Benedita, la combattante de Vassouras

Benedita, la combattante de Vassouras

Il avait apporté des sacs de sable à frapper, des morceaux de bois à casser et de vieux livres d’arts martiaux qu’il conservait depuis sa jeunesse. Il ne savait pas appliquer lui-même toutes les techniques, mais il connaissait la théorie : les positions, les mouvements, les esquives et les attaques.

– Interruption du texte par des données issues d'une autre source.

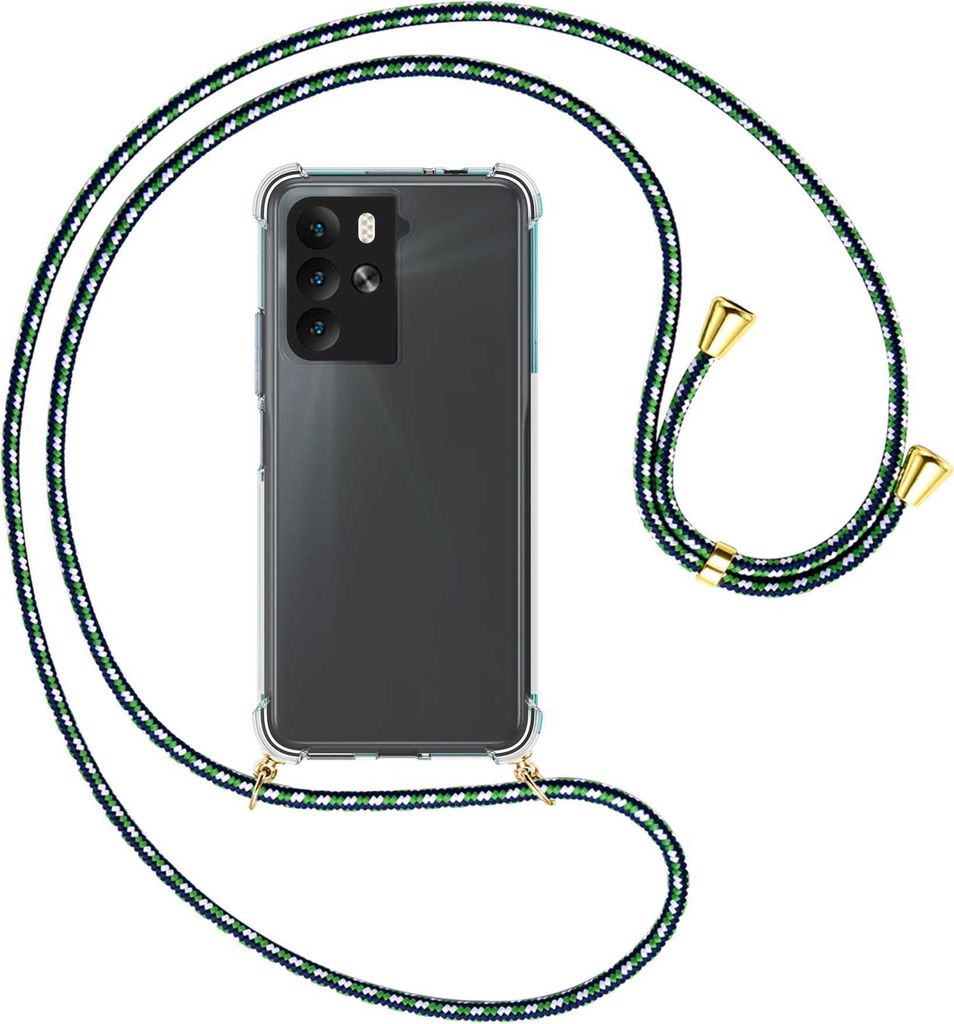 Handykette Backcover-Schutzhülle mit Band (Metall goldfarben) für HTC U23 Pro (2QC9200,-9100,-B100, 6.7'') - grün/blau/weiß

Benedita apprit vite. Sa force était innée, mais elle avait aussi de l’instinct. Cet instinct la nourrissait de la rage accumulée pendant vingt-trois ans de violence, de chaînes, de faim et d’humiliation.

Peu à peu, cette colère changea de forme. Elle cessa d’être une explosion aveugle. Elle devint mouvement, précision, énergie maîtrisée.

Chaque jour, Benedita s’entraînait cinq heures puis retournait travailler à la ferme pour garder la forme. Les mois passèrent. Son corps se fortifia, ses mouvements devinrent plus précis, sa posture plus assurée.

En septembre, trois mois avant le tournoi, Joaquim décida de le mettre à l’épreuve. Il se plaça devant elle pour une simulation.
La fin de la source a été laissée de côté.